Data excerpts
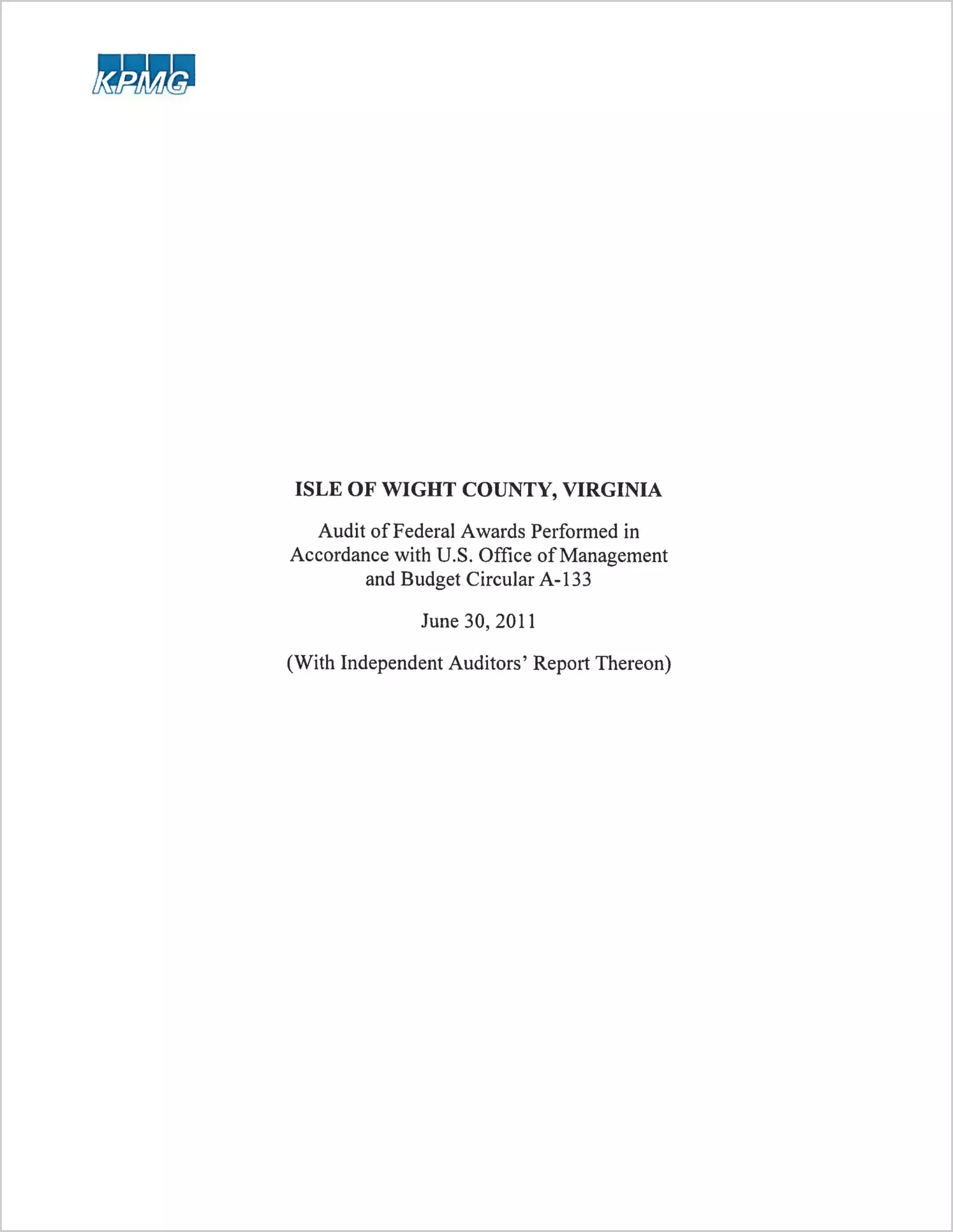2011 Single Audit Report for County of Isle of Wight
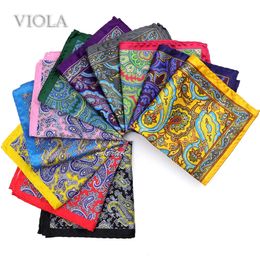 Cravate 56 couleurs Vintage imprimé Floral Paisley 24 cm poche carrée Polyester mouchoir mariage costume quotidien cravate Hankie hommes cadeau accessoire 231012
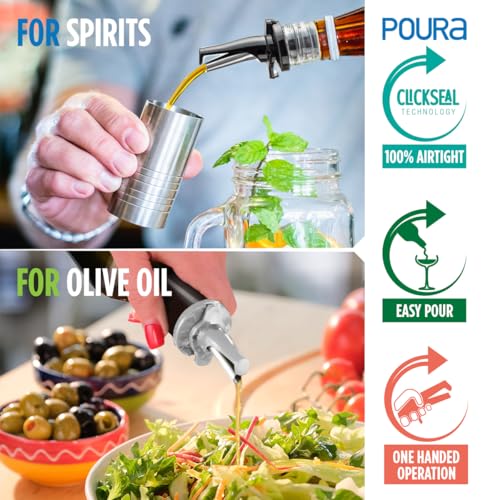 Poura 3-in-1 Liquor Pour Spout | Olive Oil Spout with Built-in Caps for Optimal Fly and Dust Protection - Dishwasher Safe, Hygienic Alcohol Speed Spouts - Black 2 PCs with 2 Adapters for Large Neck Bottles - Image 2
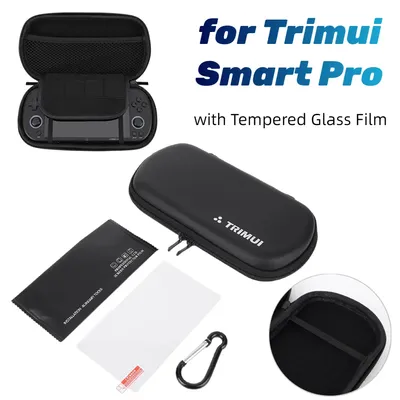 Harte eva trage tasche mit gehärteter glas folie eva schutzhülle stoßfest für trimui smart pro Image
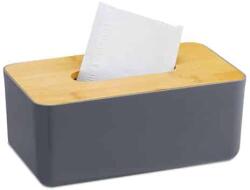 Relaxdays Suport servetele, capac bambus, gri/maro natur, 10 x 23 x 13 cm (10032650)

■ Work instructions: Emit an exact copy of the lines from the line bearing "Cravate 56 couleurs" through the last line above, inclusive, and leave the images out.

■ Answer for this exercise:
 Cravate 56 couleurs Vintage imprimé Floral Paisley 24 cm poche carrée Polyester mouchoir mariage costume quotidien cravate Hankie hommes cadeau accessoire 231012
 Poura 3-in-1 Liquor Pour Spout | Olive Oil Spout with Built-in Caps for Optimal Fly and Dust Protection - Dishwasher Safe, Hygienic Alcohol Speed Spouts - Black 2 PCs with 2 Adapters for Large Neck Bottles - Image 2
 Harte eva trage tasche mit gehärteter glas folie eva schutzhülle stoßfest für trimui smart pro Image
 Relaxdays Suport servetele, capac bambus, gri/maro natur, 10 x 23 x 13 cm (10032650)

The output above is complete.